This easy-to-follow recipe is a fun twist on an American classic!



History and Facts

Fun fact: Did you know that cheeseburgers were invented by a teenager?

In 1924, Lionel Sternberger, a 16-year-old fry cook at his father's restaurant, created the cheese-and-burger combo that has become so popular today!


Origins

Even though the hamburger gets its name from the German city of Hamburg, food historians actually don't think the sandwich originated from there. There are many stories about how the hamburger originated, some saying that it started as something called a "Hamburgh sausage", or that the sandwich was created on a passenger ship from Hamburg to New York. The earliest mention of this recipe was actually the "Hamburgh sausage" as describe above. That recipe was published by Hannah Glasse in 1758 in her book The Art of Cookery Made Plain and Easy. For centuries, the hamburger remained a classic street food dish, gaining popularity in the United States during fairs. Because of how simple the recipe is, it's super difficult to pinpoint the first place the burger came from – it was probably created in multiple places around the same time.

The Art of Cookery Made Plain and Easy by Hannah Glasse

First published in 1747, this was one of the most popular English cookbooks in history. It was a bestseller for a century. Inside, it had many novel recipes, and included the first mention of an early Hamburger recipe. Hannah Glasse was famed for her cookbook, making her one of the first celebrity chefs!


Ingredient Highlight


Cattle

Fun fact: Did you know that a cow's stomach is 250 times larger than its brain?

 

"My eyes were bigger than my stomach" is a saying that cows easily flip around! With a huge digestive system, they can eat through hard-to-digest foods like grass without effort. Their digestive system slowly breaks down their food and filters out indigestible objects.

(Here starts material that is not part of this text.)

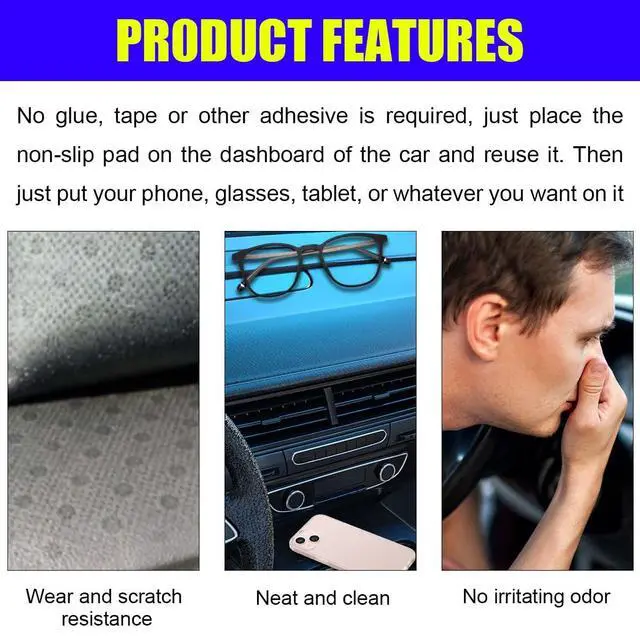 Alt view image 4 of 6 - Car Dashboard Anti-Slip Silicone Pad, 7.9''x5.1'' Sticky Adhesive Mat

Cows also produce a lot of gas in the form of methane, which is released by the cows when they burp. Unfortunately, methane has a really high global warming potential, meaning that cows add a lot to climate change. Cows also require a lot of water to raise. This means that reducing the amount of beef we eat each year can help improve climate change.


Cheese

Paprika

Egg Noodles

Recipe

Ingredients (Serves 4)

  • 1 pound ground beef

  • 12 oz package of wide egg noodles

  • 1/2 cup red bell pepper (diced)

  • 1/2 cup onion (diced)

  • 1/2 cup tomatoes (diced)

  • 3 cloves garlic (minced)

  • 2 cups (16oz) cheddar cheese (shredded)

  • 4 cups (32oz) cup container of beef broth

  • 1/4 cup rice vinegar

  • 1 tbsp oil

  • 1 1/2 tbsp salt

  • 2 tsp black pepper

  • 1 1/2 tsp smoked paprika

  • 2 tsp onion powder

  • 1 tbsp parsley flakes

  • 2 tbsp mustard powder (can sub with 1 tbsp yellow mustard)

Instructions

  1. Get your ingredients ready

  2. Heat a medium sauce pot over medium-high heat, adding oil.

  3. Add ground beef to your pot, leaving in large chunks. Flip the chunks until the outsides are browned, then break the chunks up fully and stir constantly until no pink remains.

  4. Add the peppers and onions and cook until they begin to soften

  5. Add all of the dry seasonings, stirring and cooking for 2 minutes

  6. Next, add the tomatoes, garlic, and beef broth. Make sure to scrape the bottom of the pan once you add the beef broth, there's tons of flavor there!

  7. Bring everything to a rapid boil

  8. Add the egg noodles and bring it down to a gentle boil

  9. Cook uncovered for 12-15 minutes, stirring occasionally

  10. When the noodles are tender and the broth has thickened, turn off the heat

  11. Stir in the cheddar cheese, serve and enjoy!